In 2001, Archer Daniels Midland (ADM) was the first domestic outfit to do business with Cuba in 40 years, after the Trade Sanctions Reform and Export Enhancement Act lifted part of the trade embargo a year earlier. Cargill followed shortly thereafter, and exports of US corn, cattle, wine, cigarettes,and other foodstuffs began flowing south.

In October 2002, the US Food & Agribusiness Exhibition in Havana drew 20,000 Cubans who wanted to taste things they never had before -- among them, products from Hormel (HRL), Tyson Foods (TSN), and Wrigley.

Sequin maintains that while the definition of an “agricultural product” is broad enough to allow for wooden utility poles (an export quite valuable to the state of Alabama), railroad ties, and newsprint, completing a sale is tricky.

“It’s a real hassle because of the restrictions,” he says. “For example, Cuba has to pay in cash through a third country; companies could do millions and millions of dollars in sales if the US would get out of the way.”

Steve Yoder of the St Louis-based National Corn Growers Association agrees,telling the Peoria Journal-Star, "US suppliers can reach Cuba's three main ports in just one day or less, but current US policy hampers our ability to reach this market. If the United States does not become the supplier of choice, someone else certainly will."

US law “prohibits any US person or company from providing payment or financing credit terms to anyone in Cuba. The law specifically rules out open account transactions, requiring cash in advance arrangements. Foreign banks may,however, finance transactions and US banks may confirm or advise such foreign bank letters of credit or similar arrangements.”

Paradoxically, this both helps and hinders US-Cuba trade.

On one hand, cash up front guarantees payment. On the other, it can shrink the market by a sizeable amount, as happened last year.

According to the US-Cuba Trade and Economic Council, American food exports through November, 2010 totaled $344.3 million, compared with $486.7 million during the same period in 2009, as the cash-strapped country was increasingly relying on trading partners in Canada, France, Brazil, Russia, and China, where credit was available.

Sequin also points out that medical sales are severely hampered by regulations put in place by the US Treasury Department’s Office of Foreign Assets Control.

“There are a lot of restrictions on what a medical ‘device’ is, which is totally different than medical ‘equipment,’” he says. “A hospital bed with a motor on it, for example, might be prohibited for export while one without isn't. Obama lifted restrictions on US telecoms doing business in Cuba,but AT&T (T) or Sprint (S) aren’t going to Cuba because of US regulations.

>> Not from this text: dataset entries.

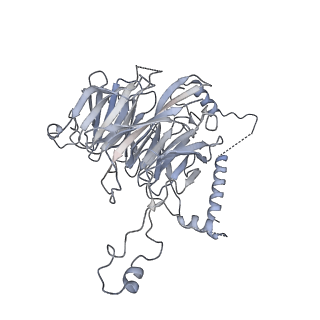 0955_6lqv_3F_v1-1
Cryo-EM structure of 90S small subunit preribosomes in transition states (State C1)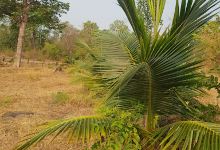 ສວນ ໝາກພ້າວ ນວນຕາ - Nuanta Coconut Farm景点图片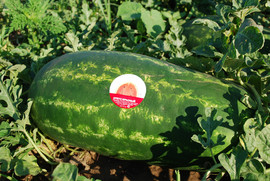 Арбуз поздний, вес 4-9 кг Поставки напрямую от производителя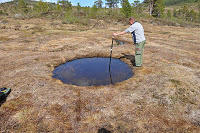 Brenning av tjære i myrmile - ein midtnorsk spesialitet?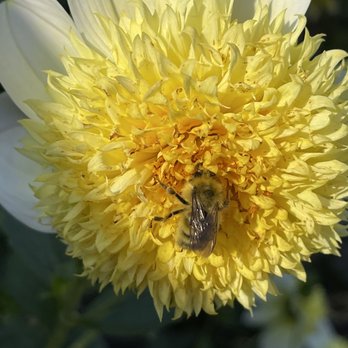 Point Defiance Park - Dahlia garden is loved by visitors. - Parks Near Me - Tacoma, Washington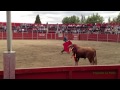 TORO DE YEGUADA LA PERLA - TORERO RAFAEL AYUSO - ORTIGOSA DEL MONTE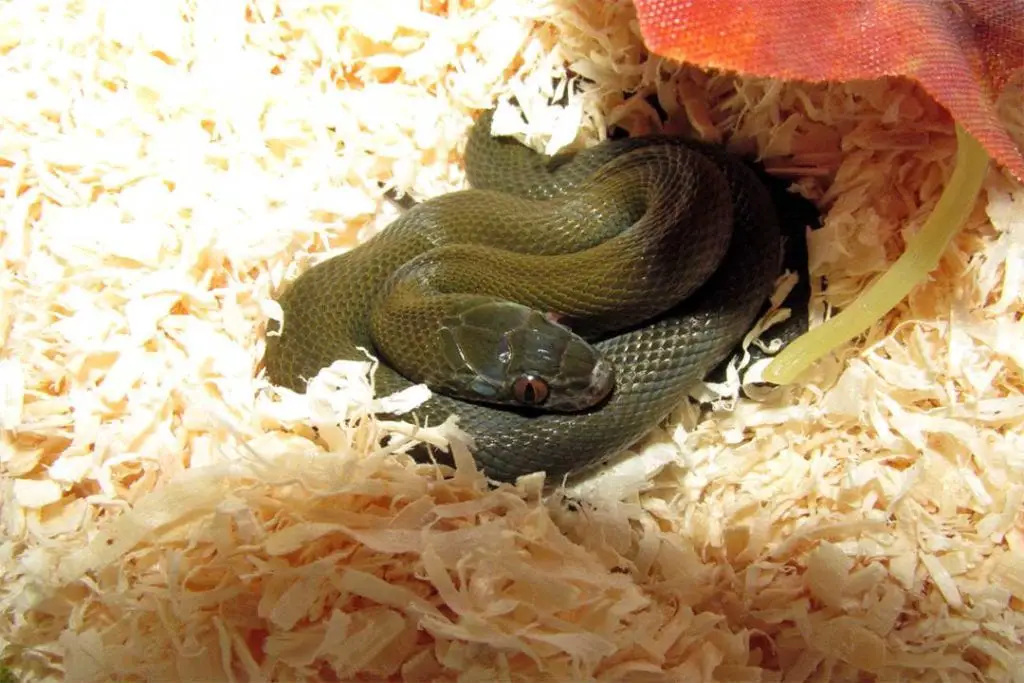 african house snaketlet lit by a basking bulb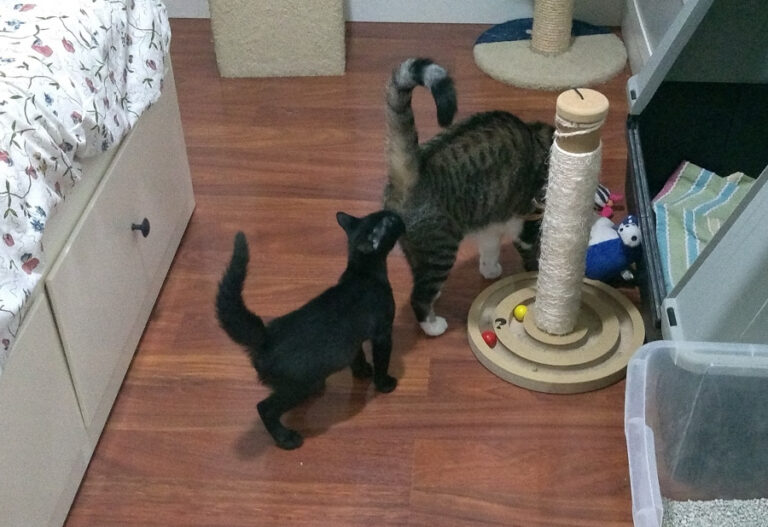 multimedia-foto52245-264-1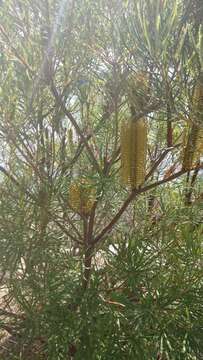 Imagem de Banksia spinulosa Sm.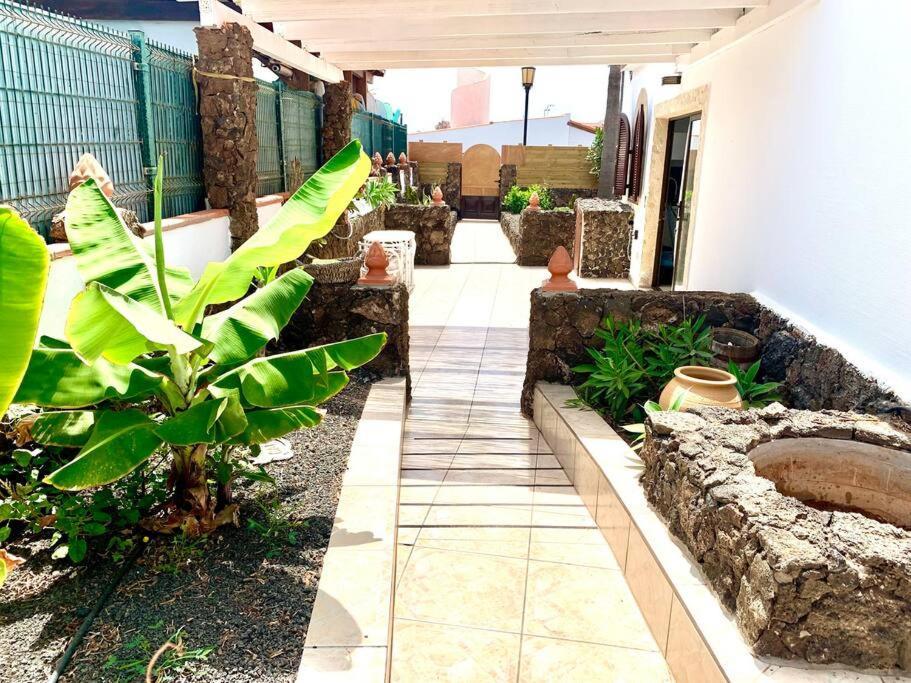 Casa Gato Apartment Corralejo Ngoại thất bức ảnh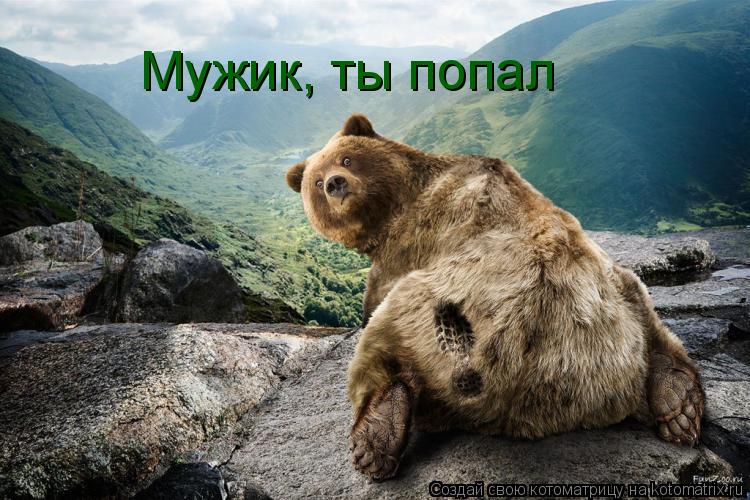 Котоматрица: Мужик, ты попал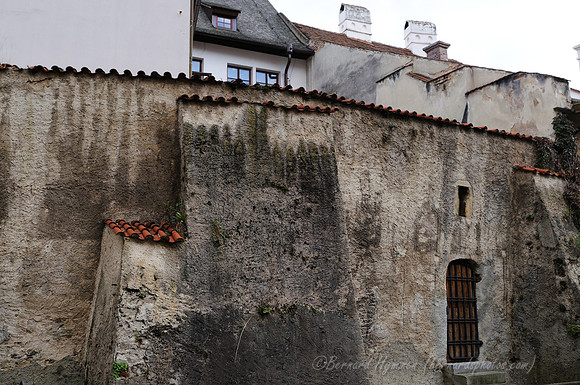 D300_74086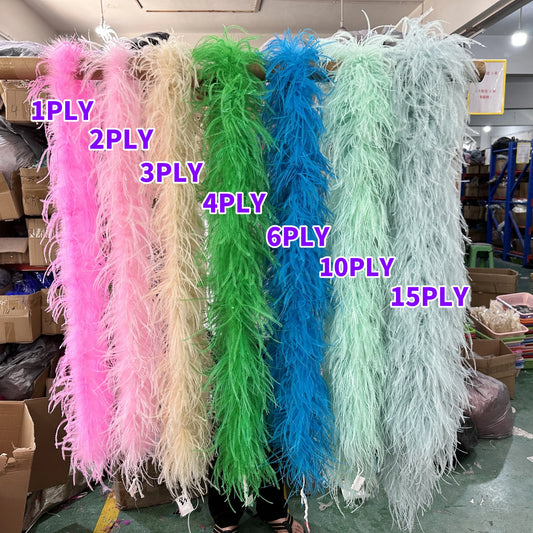 2 3 4 6 10 Ply Multicolor Ostrich Feathers Boa 2Meters Ostrich Feather Shawl for Party Lady Dress Clothing DIY Decoration Scarf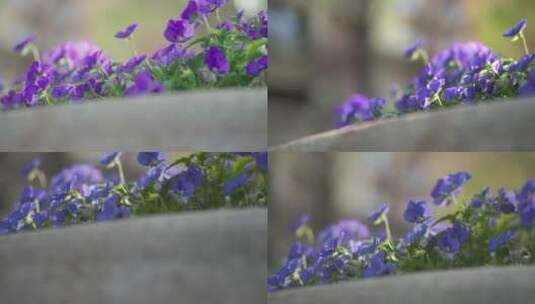 【合集】欧式建筑蓝色小花盆景02高清在线视频素材下载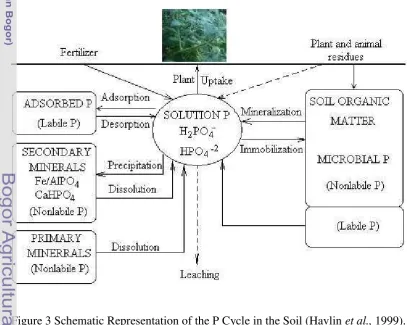 Figure 3 Schematic Representation of the P Cycle in the Soil (Havlin et al., 1999). 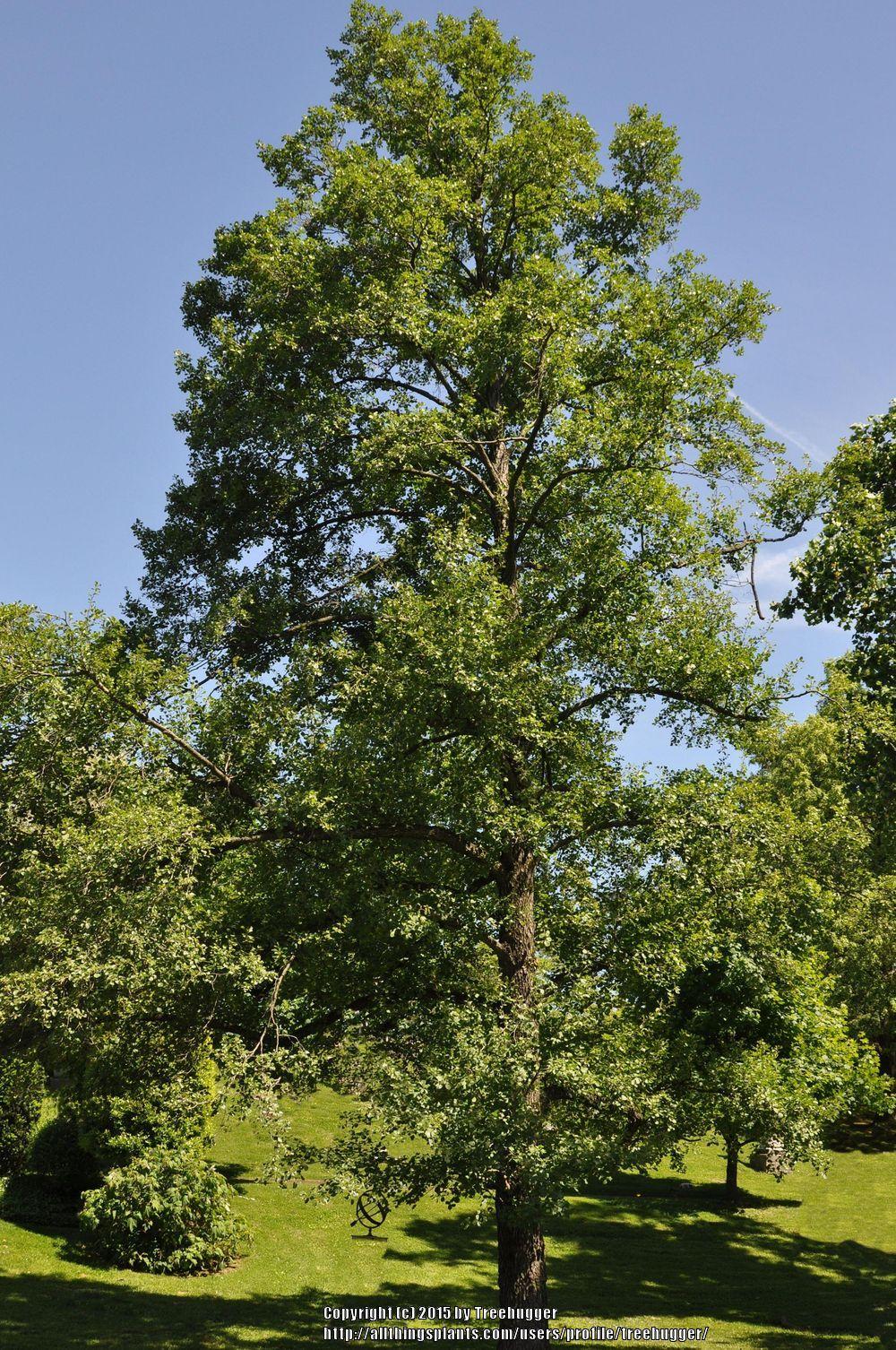 Photo of European Alder (Alnus glutinosa) uploaded by treehugger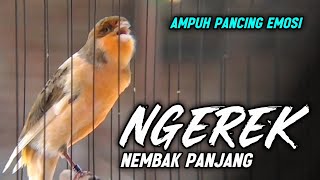 KENARI GACOR PANJANG Rol Rapat EMOSI Cuit cuit Ngerol AMPUH utk Pancingan kenari paud belajar bunyi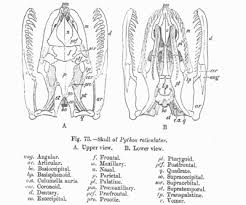 Snake Skeleton Wikipedia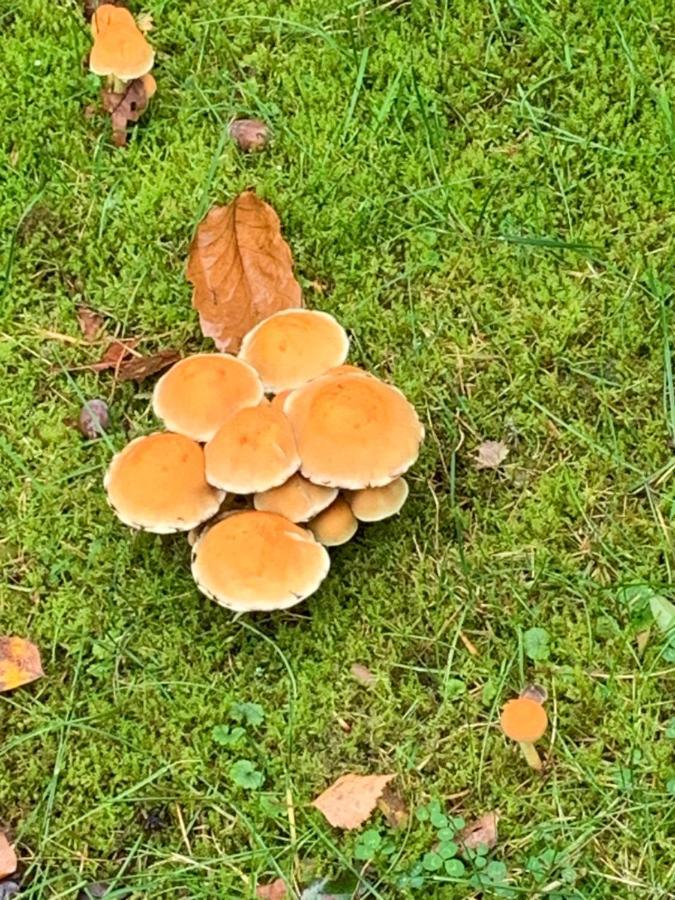 Vosseveen 62 ゼルヘーム エクステリア 写真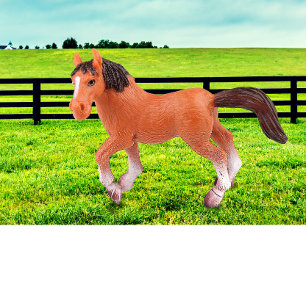 My Favorite Horse Throw Pillow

Once you get past the US, you have to start dealing with the Cubans, so one way or the other you’re not really going to make any money. I get a couple of calls a week from businesses and entrepreneurs, and I preface everything by saying, ‘You’ll spend a lot of time and a lot of money on this, but you’ll probably lose both. I’ve seen people come and go; they all want to be the first ones in and all that. But you’ve got two hands tied behind your back -- all you can do right now is sort of look around, you can’t really do anything.”

One area of US-Cuba trade that merits mention involves American companies that had property nationalized after the Batista government fell.

“Seized property is a complicated situation,” Sequin says. “When Castro started taking over companies in ‘59 and ‘60, it’s my understanding that other countries around the world settled claims with Cuba, but the US did not.There are millions of dollars in Cuban bonds owned by people out there, but they’re not worth anything because there’s no settlement process in place.

Beyond the profit motive, a lifting of the Cuban trade embargo would, in many peoples’ minds, advance security as much as it would advance business interests.

“I’d rather have my boys someday go down there and negotiate a cattle contract than be members of a peacekeeping mission,” a Minnesota cattleman named Ralph Kaehler, who was behind the first livestock shipment to Cuba after the agricultural exports exemptions were implemented in 2000, told CNBC.

“We’ve never gone to war with a trading partner.” No positions in stocks mentioned.